With the help of the grass-roots organization, Tobias has been battling it out with city officials over the Mulligans Golf Course, a dispute they now believe they’ve settled.
“These are thousands and thousands of people that have contacted City Council to say, ‘Do no develop on the Jordan River,’” Tobias said.
Earlier this month, the group sent a survey out through the South Jordan Journal to all 18,500 homes in the city. It asked them to decide between preserving Mulligans, developing Mulligans or developing only part of the space.
According to the group, the results released on Tuesday show that 94 percent of respondents want to preserve the course. However, it’s unclear how many people actually responded, as the group would only say there were far more than the 500 people expected to answer the city’s survey.
“To represent that our poll is going to be inaccurate, that’s a classic try and poison the well to get their way,” said South Jordan city councilman Chuck Newton.
The city’s survey will go out to registered voters in South Jordan next month. It’s being conducted by the Provo-based company, Y2K. Once distributed, responses will be accepted until they have 500 representing the area’s demographics.

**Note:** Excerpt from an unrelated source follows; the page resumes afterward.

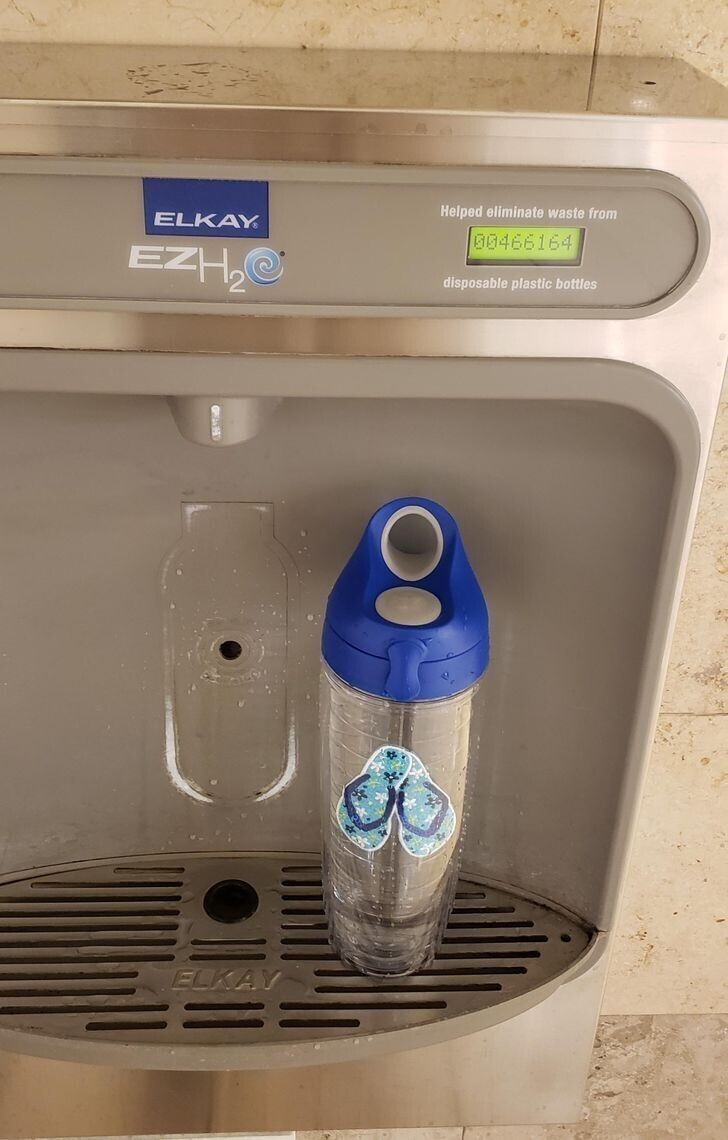 Станция для наполнения пластиковых бутылок водой в аэропорту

“I think what we’re going to want to look at is the scientific survey that more accurately represents and reflects what the residents, as a whole, want to see happen with course,” Newton said.
While the poll has yet to be conducted, Save Mulligans already does not put much credence in the city’s numbers.
“When you hire a political campaign consultant, you’re going to get the campaign you want. That’s why you hire them,” said Save Mulligans president, Julie Holbrook.
The group plans to release more concrete numbers from their survey in the near future, in an effort to highlight what they believe is the right plan for the city.